- **EXERCISE INSTRUCTIONS**:
Write the line that contains "New 2024 Ford E-450 - photo 36" and each one after it, word for word, ending with the final line of the data.

- **EXERCISE DATA**:
====
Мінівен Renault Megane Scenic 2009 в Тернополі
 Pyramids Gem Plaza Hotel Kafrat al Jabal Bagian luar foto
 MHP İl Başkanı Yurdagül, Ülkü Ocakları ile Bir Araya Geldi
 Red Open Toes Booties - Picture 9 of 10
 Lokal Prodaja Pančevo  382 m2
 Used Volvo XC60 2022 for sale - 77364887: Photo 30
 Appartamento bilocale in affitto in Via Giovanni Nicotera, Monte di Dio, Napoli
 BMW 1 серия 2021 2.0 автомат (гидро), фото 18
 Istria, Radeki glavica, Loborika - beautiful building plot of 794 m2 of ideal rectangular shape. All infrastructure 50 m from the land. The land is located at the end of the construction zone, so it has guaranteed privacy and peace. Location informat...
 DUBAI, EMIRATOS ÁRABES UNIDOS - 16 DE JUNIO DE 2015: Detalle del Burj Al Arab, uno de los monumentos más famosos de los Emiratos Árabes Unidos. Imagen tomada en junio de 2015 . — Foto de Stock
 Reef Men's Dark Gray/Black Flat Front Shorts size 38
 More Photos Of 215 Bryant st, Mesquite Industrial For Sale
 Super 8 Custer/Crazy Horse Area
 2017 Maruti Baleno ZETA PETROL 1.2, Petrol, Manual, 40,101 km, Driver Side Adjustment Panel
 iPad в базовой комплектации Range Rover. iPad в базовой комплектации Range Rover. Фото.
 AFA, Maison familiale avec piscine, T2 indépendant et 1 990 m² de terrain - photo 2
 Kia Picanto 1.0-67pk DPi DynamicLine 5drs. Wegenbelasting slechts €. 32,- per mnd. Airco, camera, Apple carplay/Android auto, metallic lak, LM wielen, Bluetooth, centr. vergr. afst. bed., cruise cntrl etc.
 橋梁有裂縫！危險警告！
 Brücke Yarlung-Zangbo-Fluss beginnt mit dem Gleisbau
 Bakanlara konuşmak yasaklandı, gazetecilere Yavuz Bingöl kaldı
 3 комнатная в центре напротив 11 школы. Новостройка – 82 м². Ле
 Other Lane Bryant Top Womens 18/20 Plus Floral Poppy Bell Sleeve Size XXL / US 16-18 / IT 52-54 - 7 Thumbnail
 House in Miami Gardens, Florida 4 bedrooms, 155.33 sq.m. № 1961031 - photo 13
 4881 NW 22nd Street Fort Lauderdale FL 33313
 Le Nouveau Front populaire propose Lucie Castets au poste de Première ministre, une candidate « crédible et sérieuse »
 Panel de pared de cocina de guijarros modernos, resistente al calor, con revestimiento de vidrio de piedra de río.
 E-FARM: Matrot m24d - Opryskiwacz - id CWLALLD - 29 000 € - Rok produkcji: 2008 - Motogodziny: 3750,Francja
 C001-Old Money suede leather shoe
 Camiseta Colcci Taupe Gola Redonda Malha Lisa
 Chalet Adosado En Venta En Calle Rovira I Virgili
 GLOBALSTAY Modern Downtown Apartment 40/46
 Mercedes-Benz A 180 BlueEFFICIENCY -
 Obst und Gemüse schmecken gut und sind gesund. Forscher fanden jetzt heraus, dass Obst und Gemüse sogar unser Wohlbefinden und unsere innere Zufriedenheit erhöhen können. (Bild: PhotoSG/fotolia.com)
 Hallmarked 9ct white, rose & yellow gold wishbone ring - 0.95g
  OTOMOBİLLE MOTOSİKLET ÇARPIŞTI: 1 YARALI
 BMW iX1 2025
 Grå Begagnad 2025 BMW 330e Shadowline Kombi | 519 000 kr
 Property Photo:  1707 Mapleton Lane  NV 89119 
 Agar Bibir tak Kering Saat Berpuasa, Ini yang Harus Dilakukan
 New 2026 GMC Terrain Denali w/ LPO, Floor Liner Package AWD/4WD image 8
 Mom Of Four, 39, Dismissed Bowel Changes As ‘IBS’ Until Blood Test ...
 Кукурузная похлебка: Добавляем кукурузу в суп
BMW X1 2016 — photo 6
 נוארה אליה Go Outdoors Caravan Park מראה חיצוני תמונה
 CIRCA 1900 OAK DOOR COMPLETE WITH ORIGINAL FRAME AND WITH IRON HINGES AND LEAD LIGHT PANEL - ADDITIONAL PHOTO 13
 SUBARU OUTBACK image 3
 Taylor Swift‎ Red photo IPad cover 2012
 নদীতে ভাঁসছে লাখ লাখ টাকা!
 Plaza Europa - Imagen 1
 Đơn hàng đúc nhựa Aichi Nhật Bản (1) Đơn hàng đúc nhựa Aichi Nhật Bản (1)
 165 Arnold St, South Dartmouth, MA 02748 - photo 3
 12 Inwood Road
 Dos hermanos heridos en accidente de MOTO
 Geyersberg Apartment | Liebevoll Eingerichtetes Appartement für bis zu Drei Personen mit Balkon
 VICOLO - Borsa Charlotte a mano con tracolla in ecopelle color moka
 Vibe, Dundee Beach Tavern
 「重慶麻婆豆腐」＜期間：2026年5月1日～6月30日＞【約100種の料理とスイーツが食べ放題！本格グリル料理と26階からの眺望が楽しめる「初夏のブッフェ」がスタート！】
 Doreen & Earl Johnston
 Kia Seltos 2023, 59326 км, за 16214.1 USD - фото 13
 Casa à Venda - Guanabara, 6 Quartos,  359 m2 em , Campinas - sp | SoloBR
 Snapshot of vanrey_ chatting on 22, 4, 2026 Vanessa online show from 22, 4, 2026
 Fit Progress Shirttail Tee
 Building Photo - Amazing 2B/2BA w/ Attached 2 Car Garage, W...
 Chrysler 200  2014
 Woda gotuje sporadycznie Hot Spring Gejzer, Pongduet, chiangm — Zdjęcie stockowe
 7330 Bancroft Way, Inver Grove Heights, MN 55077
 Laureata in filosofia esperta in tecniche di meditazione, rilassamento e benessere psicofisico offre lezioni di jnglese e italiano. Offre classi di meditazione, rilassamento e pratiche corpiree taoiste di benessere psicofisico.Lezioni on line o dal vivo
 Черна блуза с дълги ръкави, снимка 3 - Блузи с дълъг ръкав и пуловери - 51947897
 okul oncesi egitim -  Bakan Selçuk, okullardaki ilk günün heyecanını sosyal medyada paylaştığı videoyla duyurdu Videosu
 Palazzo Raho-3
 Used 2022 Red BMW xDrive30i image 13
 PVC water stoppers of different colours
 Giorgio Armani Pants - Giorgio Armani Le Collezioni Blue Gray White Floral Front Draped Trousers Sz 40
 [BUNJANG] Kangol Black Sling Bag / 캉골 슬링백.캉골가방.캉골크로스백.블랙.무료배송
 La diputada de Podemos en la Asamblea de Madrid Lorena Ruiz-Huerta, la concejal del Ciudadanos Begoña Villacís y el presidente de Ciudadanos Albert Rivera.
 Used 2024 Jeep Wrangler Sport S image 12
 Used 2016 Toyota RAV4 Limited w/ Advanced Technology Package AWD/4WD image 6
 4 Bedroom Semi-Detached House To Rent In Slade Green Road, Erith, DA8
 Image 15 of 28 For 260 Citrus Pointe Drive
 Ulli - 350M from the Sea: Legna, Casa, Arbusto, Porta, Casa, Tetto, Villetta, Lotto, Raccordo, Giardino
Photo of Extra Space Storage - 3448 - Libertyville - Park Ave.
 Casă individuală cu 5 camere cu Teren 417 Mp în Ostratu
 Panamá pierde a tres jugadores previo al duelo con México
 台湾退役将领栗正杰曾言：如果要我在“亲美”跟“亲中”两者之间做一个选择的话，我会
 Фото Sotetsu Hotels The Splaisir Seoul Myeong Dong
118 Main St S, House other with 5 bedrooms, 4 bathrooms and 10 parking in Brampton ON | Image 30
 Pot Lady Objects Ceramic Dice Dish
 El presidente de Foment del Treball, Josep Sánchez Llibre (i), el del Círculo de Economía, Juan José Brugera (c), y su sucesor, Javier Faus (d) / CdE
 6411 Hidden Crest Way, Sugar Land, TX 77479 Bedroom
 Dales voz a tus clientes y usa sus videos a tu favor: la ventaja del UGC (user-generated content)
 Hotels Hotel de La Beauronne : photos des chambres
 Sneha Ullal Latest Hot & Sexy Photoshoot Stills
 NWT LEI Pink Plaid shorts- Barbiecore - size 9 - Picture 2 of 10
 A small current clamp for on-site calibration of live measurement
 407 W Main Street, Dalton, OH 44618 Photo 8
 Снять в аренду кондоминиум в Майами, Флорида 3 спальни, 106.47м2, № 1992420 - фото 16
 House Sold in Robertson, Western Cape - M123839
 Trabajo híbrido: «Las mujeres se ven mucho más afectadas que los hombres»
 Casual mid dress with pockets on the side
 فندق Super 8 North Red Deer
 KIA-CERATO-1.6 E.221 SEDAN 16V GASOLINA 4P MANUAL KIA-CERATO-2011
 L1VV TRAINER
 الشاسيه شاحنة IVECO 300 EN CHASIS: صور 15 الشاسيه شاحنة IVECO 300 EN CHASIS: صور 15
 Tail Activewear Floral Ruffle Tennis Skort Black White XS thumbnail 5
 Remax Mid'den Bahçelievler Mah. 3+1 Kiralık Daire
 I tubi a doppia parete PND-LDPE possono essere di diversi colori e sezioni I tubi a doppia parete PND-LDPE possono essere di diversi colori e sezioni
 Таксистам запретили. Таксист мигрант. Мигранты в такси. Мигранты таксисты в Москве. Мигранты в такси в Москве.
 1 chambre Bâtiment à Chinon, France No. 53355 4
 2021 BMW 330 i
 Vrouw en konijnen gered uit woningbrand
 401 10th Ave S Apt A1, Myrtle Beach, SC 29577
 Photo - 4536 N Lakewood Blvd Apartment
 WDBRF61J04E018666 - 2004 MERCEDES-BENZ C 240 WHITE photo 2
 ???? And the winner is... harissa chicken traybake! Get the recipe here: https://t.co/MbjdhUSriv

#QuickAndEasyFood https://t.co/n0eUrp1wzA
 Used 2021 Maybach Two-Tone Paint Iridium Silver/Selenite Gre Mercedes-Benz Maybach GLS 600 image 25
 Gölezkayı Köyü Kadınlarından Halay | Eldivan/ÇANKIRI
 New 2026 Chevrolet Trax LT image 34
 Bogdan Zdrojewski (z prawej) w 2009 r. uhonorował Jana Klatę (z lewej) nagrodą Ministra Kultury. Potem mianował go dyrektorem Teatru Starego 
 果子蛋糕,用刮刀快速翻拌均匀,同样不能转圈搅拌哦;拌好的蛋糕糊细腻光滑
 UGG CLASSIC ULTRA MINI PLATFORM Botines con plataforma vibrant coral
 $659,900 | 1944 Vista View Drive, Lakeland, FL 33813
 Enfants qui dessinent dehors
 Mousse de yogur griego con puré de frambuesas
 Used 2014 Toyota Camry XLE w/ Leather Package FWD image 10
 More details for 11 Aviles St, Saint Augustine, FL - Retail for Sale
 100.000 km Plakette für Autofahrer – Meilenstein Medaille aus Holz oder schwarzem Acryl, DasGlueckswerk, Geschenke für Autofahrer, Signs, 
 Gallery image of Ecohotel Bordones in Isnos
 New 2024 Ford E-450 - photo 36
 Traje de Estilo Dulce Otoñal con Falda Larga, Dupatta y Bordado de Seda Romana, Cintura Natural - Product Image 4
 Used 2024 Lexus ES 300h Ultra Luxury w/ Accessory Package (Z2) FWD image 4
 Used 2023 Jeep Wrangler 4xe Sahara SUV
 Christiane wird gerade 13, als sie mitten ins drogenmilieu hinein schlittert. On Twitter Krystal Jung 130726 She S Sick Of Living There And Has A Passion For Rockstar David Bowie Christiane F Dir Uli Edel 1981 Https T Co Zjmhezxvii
====
- **WRITTEN RESPONSE**:
 New 2024 Ford E-450 - photo 36
 Traje de Estilo Dulce Otoñal con Falda Larga, Dupatta y Bordado de Seda Romana, Cintura Natural - Product Image 4
 Used 2024 Lexus ES 300h Ultra Luxury w/ Accessory Package (Z2) FWD image 4
 Used 2023 Jeep Wrangler 4xe Sahara SUV
 Christiane wird gerade 13, als sie mitten ins drogenmilieu hinein schlittert. On Twitter Krystal Jung 130726 She S Sick Of Living There And Has A Passion For Rockstar David Bowie Christiane F Dir Uli Edel 1981 Https T Co Zjmhezxvii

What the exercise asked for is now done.